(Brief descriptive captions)
##########

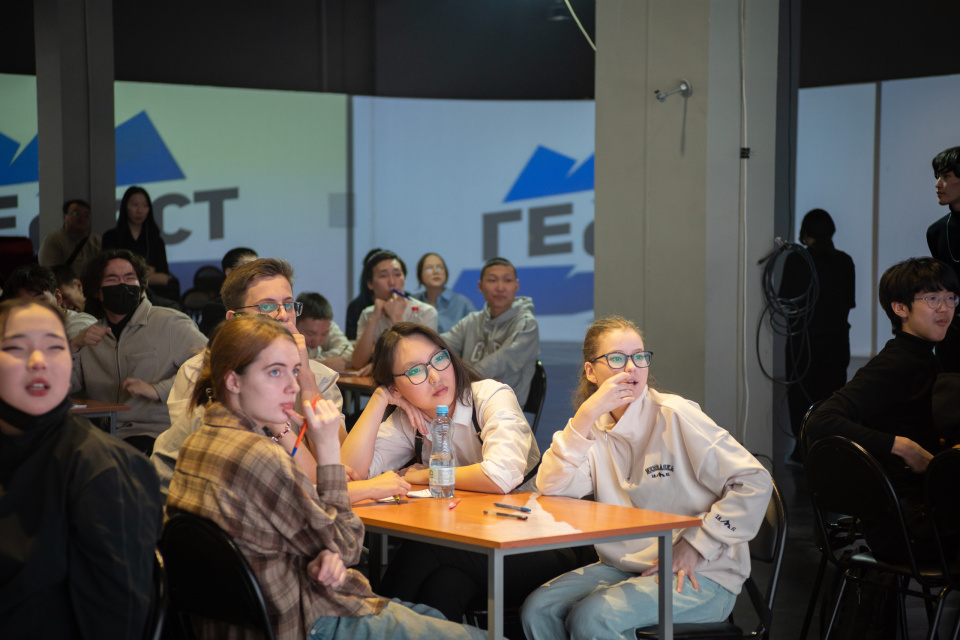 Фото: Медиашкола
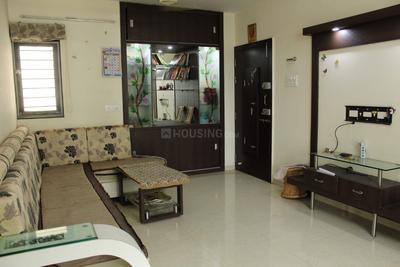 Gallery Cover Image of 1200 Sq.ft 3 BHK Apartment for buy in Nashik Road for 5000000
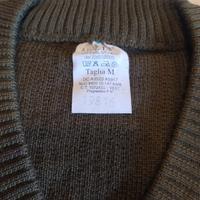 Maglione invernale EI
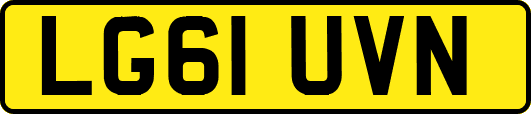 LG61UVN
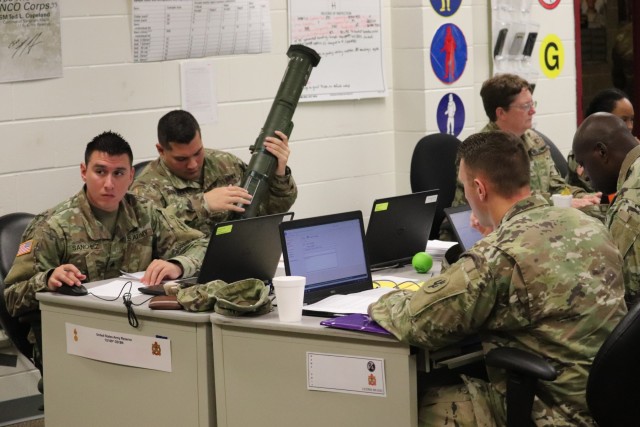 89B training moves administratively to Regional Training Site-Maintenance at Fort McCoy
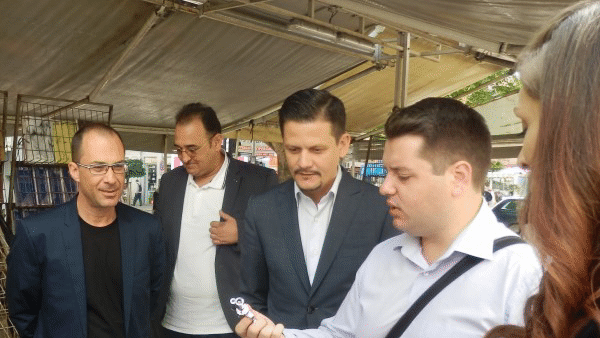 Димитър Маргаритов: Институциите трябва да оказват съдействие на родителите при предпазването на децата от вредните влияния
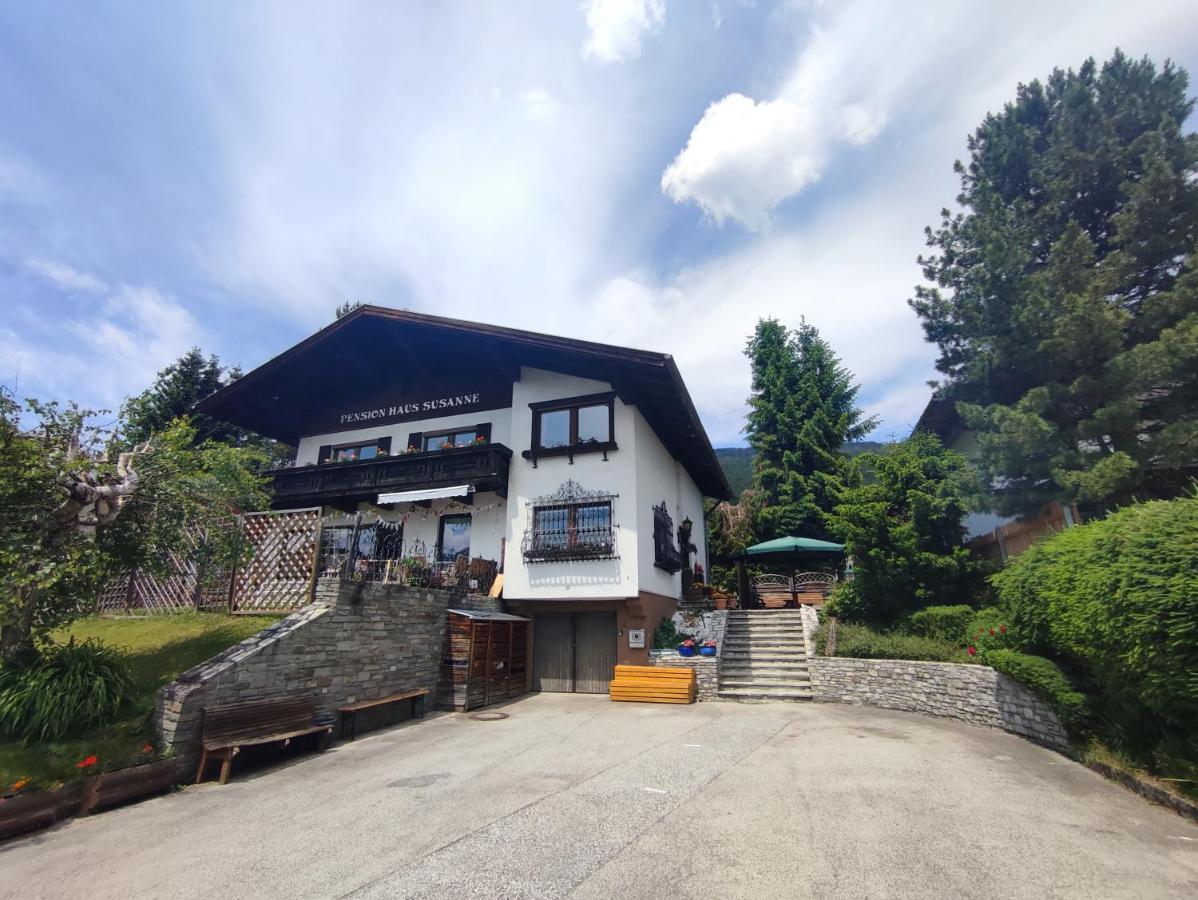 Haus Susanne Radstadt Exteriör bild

##########

Copy exactly the lines from the one containing "Gallery Cover Image" through the last line of the records above, including both, and omit every picture.

Answer area →
 Gallery Cover Image of 1200 Sq.ft 3 BHK Apartment for buy in Nashik Road for 5000000
 Maglione invernale EI
 LG61UVN
 89B training moves administratively to Regional Training Site-Maintenance at Fort McCoy
 Димитър Маргаритов: Институциите трябва да оказват съдействие на родителите при предпазването на децата от вредните влияния
 Haus Susanne Radstadt Exteriör bild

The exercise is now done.